--- What you need to do ---
Among the lines of the material below, count those holding "White". Report the number by itself.

--- Stored data ---
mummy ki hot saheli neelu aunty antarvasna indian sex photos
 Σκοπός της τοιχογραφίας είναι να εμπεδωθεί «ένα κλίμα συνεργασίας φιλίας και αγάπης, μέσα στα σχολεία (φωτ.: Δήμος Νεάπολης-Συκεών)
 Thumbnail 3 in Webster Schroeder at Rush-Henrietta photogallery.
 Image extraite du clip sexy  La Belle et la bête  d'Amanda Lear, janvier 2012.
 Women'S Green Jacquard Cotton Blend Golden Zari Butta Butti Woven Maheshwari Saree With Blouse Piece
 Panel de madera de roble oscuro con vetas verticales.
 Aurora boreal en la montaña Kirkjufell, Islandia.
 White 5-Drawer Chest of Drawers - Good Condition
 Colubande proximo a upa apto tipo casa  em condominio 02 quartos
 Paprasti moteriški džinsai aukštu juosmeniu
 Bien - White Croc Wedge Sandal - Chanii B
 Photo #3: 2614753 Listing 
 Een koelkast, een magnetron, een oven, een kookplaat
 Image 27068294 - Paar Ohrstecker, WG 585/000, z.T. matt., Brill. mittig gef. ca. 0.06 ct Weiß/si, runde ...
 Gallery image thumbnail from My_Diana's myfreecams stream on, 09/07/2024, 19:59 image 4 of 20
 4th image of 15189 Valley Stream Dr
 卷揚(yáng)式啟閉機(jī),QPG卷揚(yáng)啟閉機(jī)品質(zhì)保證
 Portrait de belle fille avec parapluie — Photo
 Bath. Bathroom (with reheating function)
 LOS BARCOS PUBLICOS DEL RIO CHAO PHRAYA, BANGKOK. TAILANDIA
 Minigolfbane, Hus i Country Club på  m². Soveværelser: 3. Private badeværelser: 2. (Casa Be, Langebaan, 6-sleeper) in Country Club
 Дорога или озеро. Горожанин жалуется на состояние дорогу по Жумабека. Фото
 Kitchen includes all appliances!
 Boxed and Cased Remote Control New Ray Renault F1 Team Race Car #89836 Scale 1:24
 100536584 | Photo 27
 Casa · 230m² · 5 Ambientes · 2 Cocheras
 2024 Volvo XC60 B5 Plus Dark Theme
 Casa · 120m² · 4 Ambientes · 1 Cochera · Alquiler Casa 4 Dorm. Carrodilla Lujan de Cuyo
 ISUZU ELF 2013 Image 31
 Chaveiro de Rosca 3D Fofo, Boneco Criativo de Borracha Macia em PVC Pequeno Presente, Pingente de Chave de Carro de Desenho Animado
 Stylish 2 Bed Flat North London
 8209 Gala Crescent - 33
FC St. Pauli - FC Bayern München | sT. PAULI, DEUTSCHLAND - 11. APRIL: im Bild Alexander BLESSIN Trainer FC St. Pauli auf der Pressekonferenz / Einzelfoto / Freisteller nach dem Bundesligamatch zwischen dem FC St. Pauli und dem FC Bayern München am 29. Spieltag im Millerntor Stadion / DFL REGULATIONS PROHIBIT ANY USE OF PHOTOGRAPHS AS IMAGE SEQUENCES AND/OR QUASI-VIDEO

--- Response ---
2